Gamer in All Mediums
Hello folks. I bought this game, as the title suggests, with my SO on impulse in my FLGS. I was looking for a moderately priced, interesting tactical game, and, to my great surprise, I found one.
In Carpe Astra, you are attempting to seize power over the Galactic Empire ruled (for the moment) by a dying emperor. To do this you will need the support and aid of many powerful guilds: the Mechanics, the Navy, the Church, the Settlers, the Merchants, the Politicos...that sort of thing. You are opposed by a number of equally powerful foes all aiming for the same thing. What this political maneuvering, corruption, slander, and backstabbing actually amounts to, it seems, is set collecting...
To win, you need the most points, scored by having complete, majority, and second-majority dominance of the various guilds. To get dominance, you collect influence chips (from a set number) by forming a linked line of chips on the tile-mat board to match 'network' cards in your hand. You can also remove opposing influence by linking opposing players and playing 'slander' cards. For each game, you build the board from two-joined hexagons, and may place a pawn from your stack of five on one side, and you may only have one 'network' of pawns, with any other groups not connected being removed.
All in all, the game is rather simple to learn, and once you get your head around the rules governing the placement of your pawns, quick to play. Whilst I'd shy away from calling it elegant, you could do much worse. There is a fair amount of luck involved in the game but also a surprising amount of tactics. Changing your hand, the board, and playing numerous pieces is quite easy, and the game has a nice catch-up mechanic that not collecting influence gives you money which, in turn, allows easier play. The 'event' deck limits the number of turns, which allows for control over the game length and also adds to tactics by making certain combinations of groups more profitable.
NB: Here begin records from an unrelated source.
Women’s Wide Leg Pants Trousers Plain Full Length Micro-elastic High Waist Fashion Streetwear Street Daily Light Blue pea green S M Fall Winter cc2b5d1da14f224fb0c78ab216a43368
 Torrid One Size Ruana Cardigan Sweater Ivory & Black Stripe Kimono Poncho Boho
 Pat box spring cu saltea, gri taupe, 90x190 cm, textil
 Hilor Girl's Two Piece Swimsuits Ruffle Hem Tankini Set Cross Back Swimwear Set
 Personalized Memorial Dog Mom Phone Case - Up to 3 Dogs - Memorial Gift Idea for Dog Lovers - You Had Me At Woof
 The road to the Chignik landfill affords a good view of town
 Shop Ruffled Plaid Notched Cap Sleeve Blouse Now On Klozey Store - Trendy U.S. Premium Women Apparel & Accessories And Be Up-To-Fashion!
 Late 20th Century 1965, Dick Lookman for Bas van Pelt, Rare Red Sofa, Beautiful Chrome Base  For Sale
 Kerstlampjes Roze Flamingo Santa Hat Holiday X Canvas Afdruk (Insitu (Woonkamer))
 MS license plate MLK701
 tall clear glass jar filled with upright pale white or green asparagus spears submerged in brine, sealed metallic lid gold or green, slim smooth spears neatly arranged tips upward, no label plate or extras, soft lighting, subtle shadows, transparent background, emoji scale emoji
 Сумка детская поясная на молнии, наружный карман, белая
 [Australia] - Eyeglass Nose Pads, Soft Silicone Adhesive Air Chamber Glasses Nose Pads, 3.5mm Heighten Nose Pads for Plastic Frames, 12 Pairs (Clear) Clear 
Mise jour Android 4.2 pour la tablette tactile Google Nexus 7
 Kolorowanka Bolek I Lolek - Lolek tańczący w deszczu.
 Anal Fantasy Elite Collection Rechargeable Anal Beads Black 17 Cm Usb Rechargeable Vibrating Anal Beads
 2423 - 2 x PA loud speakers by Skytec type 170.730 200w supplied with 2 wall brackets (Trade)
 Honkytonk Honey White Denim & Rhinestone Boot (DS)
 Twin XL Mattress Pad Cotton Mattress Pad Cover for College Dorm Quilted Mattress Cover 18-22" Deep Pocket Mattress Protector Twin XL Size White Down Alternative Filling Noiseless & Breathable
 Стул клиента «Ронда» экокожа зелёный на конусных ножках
Whilst I wouldn't place it as one of the most strategic games out there (it's far from chess) it's a nice tactical game in which you try to maneuver your pieces, build the board, and collect a good set of cards whilst your opponents do the same, and occasionally knock your pieces off. The fact you have a hand of 2 cards for the most part means that there is little analysis paralysis once people learn the game: your options are limited and you have to work with what you've got, and what you know.
The game also scales well for 2-4 players. It's quick enough, even with four, to play well; and two doesn't diminish it too much. This is achieved by varying the board and victory chip composition in different game sizes, which is sufficient to keep things brutal. Whilst I'd recommend aiming for 3-4 players, if you are looking for a two player game or a game with flexibility this is a distinct possibility.
The one annoying thing I will point out is the disparity between 2-group and 3-group cards which require you to link yourself to each group on them. Thus, the three group cards are harder and offer no greater benefit to completion at all (you get one influence, as with every card). This seems to me to add an unnecessary luck-element into the game which can feel a bit cheap but, for the most part, I can deal with it and it only tarnishes an otherwise neat game.
Okay, it's perhaps a little pasted on. The game could just as easily be anything, and even the space theme seems unnecessarily pasted onto the pasted on politics theme. However none of this matters because it's good. The artwork, whilst not to everyones taste, does present you a good feel of the not-too-shiny people you're playing. The simple iconography means that at a glance the status of the board is apparent, and the symbols, cards, and boards all fit the theme well.
In addition to this, all the cards have flavor text explaining what's happening to cause the events: you could be accusing an opponent of stealing supplies bound for starving settlers, or pressing for increased outer-rim representation in the senate, or Pirate attacks could make supporting the military profitable. Reading out the cards, in many cases, makes it apparent what's happening whilst keeping in theme with the game, and, with the right group, it's very easy to get into the spirit.
The game comes with a nice selection of components. The hexagons which make up the board are sturdy card, the cards are good quality (not the best, but sufficient), and the pawns are nice wood. Each player gets a coulour-coded rules summary card, and a portrait of their leader, which is a nice touch.
My only minor issue is with the score chips which are tiny little triangle-tokens of the thinner type of card. Whilst (I hope...) we are yet to lose any of these, they are both fiddly and we have had some near misses. This being said, they do their purpose, and for those who like fiddling with their pieces they do serve as a nice distraction, as you can arrange them into lots of interesting hexagonal patterns...
All in all, a nice little game which I'd advocate picking up. It's what I'd describe as light-tactics; the better player will often win, but there is a bit of luck involved too. There have been some cheap wins/losses, but not enough for anyone in our group to take a disliking to the game.
The theme is well implemented, and you could mistake this for a space-politics game if you wanted to, but it can equally well be dispensed with if you'd prefer it. Sum: a nicely made, quick game.
I played this game once. I did like the game, I did like the artwork and the theme was OK, but I really disliked the combination. This game would do much better as an abstract game IMO.